My heart cries out to pray for her and people like her. God has such big plans for them and he loves them so much and desires a true, face-to-face loving relationship with them... Only he can fix their broken hearts if they fully surrender their all to him. After my first love encounter with God I was never the same... and it's my hearts cry every day for them to have a real love encounter with God. To really know what his love is and to desire it as he desires us.

I can't find myself to completely express in words how drastically it changes your life...
Yeah, I loved Jesus. But I never encountered the love of God...

And once you do,
It changes your life...
you're never the same after you experience the love of God...

The God of the universe desires your heart.
He shaped you in his image and you're the apple of his eye.
You're beautiful. And he wants to talk to you... and pour his love on you...








Pray for celebrities.
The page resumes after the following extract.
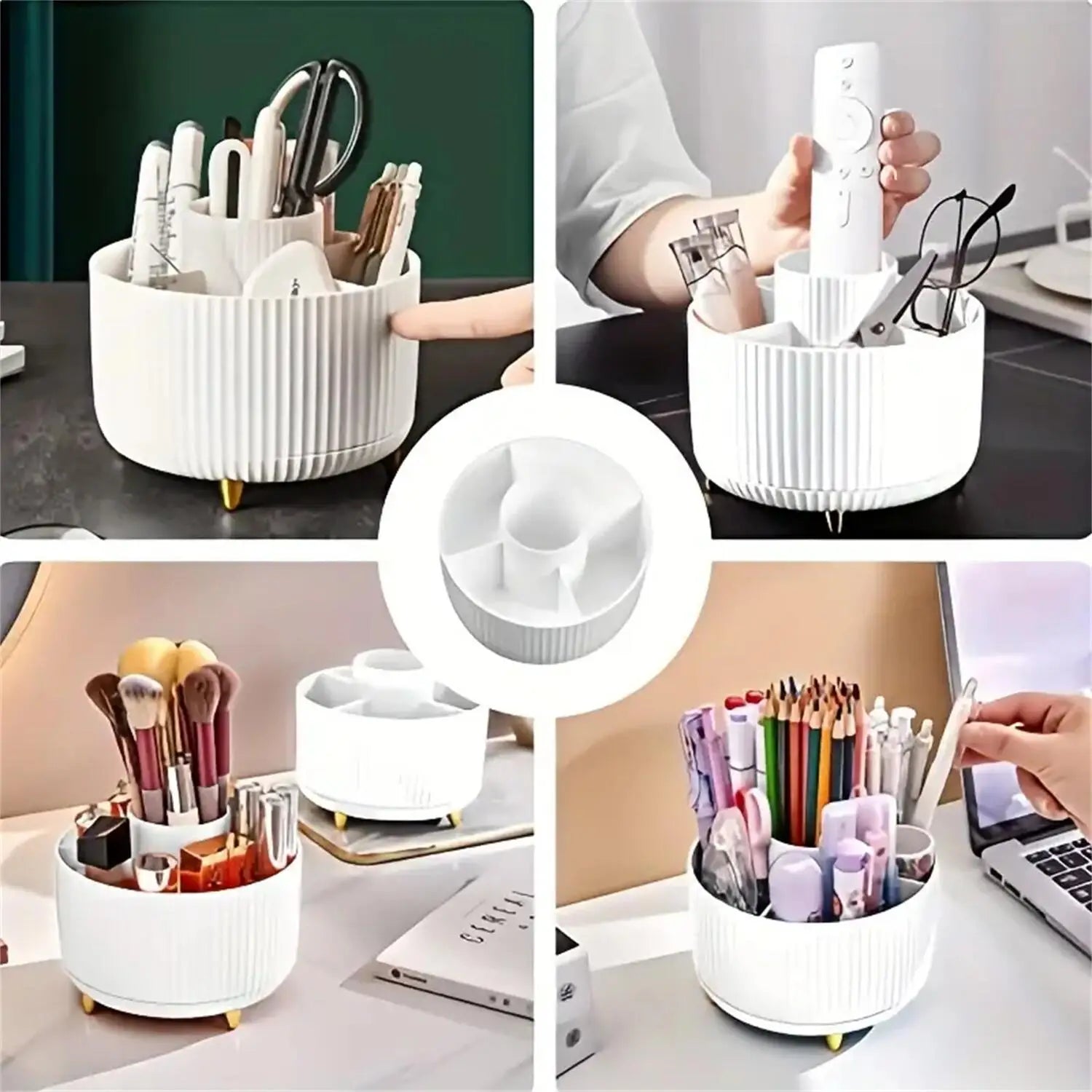 GlowSpin 360 Rotating Makeup Organiser | Nexora Home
Pray for love encounters and lives changing and revival.

Demi, if you're out there reading this, know that Jesus wants to encounter you with a love you've never experienced before.
And it'll change you from the inside out...

Love you all,


[Hannah]

Sunday, June 5, 2011

Here is where the Journey has brought me

My confession is...


I live for him alone, nothing less but for something so much more.

I live not to condemn other people, but to encourage. I may convict, but I will never condemn those around me- only encourage them to have a stronger intimacy with God, so that their lives may be changed.
I have completely rid myself of things that may block my path or hurt my spiritual walk with God.
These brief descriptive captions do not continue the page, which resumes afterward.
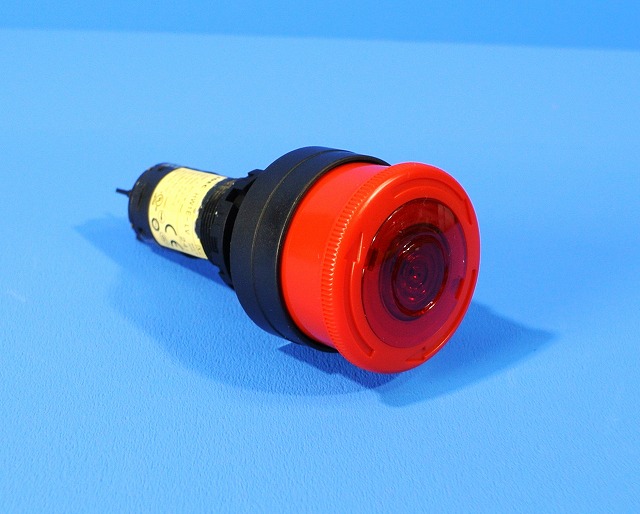 IDEC (アイデック)　22φ照光式非常停止用押しボタン　HW1E-LV411Q4R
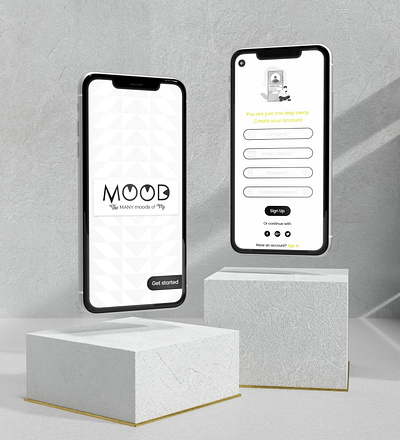 Daily UI - Day #1 - Signup Screen app app desigbn behance branding cooldesigns dailyui design dribbble graphic design illustration logo moodapp ui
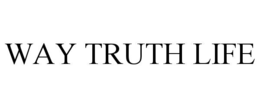 Mark drawing for WAY TRUTH LIFE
I want the love of God to pour onto other people as I live out my daily life serving him... It is an honor to be a servant of the most high and to live out the plan he has laid before me. I wouldn't be happier taking any other path, and I wouldn't be where this journey has brought me today.

I put others before me and I am not the selfish person I used to be.
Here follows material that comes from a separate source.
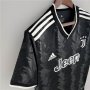 22/23 Juventus Away Black Soccer Jersey Football Shirt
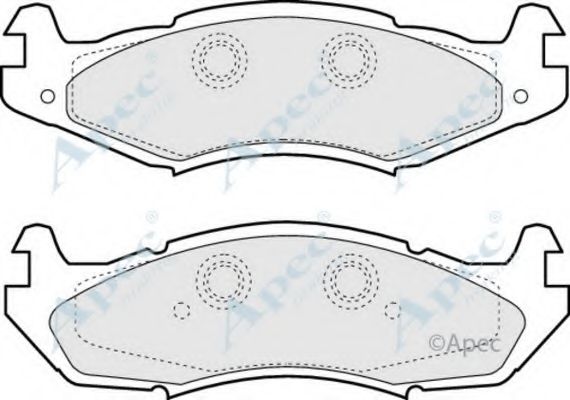 Комплект тормозных колодок, дисковый тормоз APEC braking PAD818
I have esteemed myself in the Lord and he's given me the courage to press on.

I find my strength and identity not in this world, nor in those around me, but in him and only him.




misty edwards



At one point I was a spirit-filled, God chasing passionate seeker of Jesus. He came first in my life, But anytime I walked into a place of worship I felt so convicted. I felt so gross as if there was something blocking me. That there was some reason I wasn't advancing in the kingdom of God like I needed to and wanted to. There was some reason I always felt hurt and like nothing was right and would never be right.
Then something happened...

My thinking-
Changed.

And I had a place of intimacy...
with God.

I saw people differently
through the eyes of God himself it seemed.
I got his heart and mind.
Throwing everything else aside,
every worry, every pain, every sin
and he took me, as Grant Ross of Oneway said,
Twice the speed in half the time
as soon as that changed...
up to his throne,
into his intimacy...

Let this be a conviction, not a condemnation- To love Jesus with more passion today than yesterday... the true meaning of that... to have more of a desire to spend time with him today than you did yesterday, or an hour ago. Live that lifestyle of radical intimacy. To get into that real intimate place with him and let him consume your life, thoughts, and heart... Not pain, sorrow, gossip or thoughts that the world tries to pervert us with. It will take sacrifice, but there is a point where he will really reveal that place to us, personally, individually, when we make the decision to renew our minds and truly come to a point where we change the way we think and think toward him more than we have before. He loves us and it's his desire to be intimate with us, he is not a dictator. Make the decision to establish a more intimate relationship with God and really change the way you think and see people. Get God's heart and it will change who you are.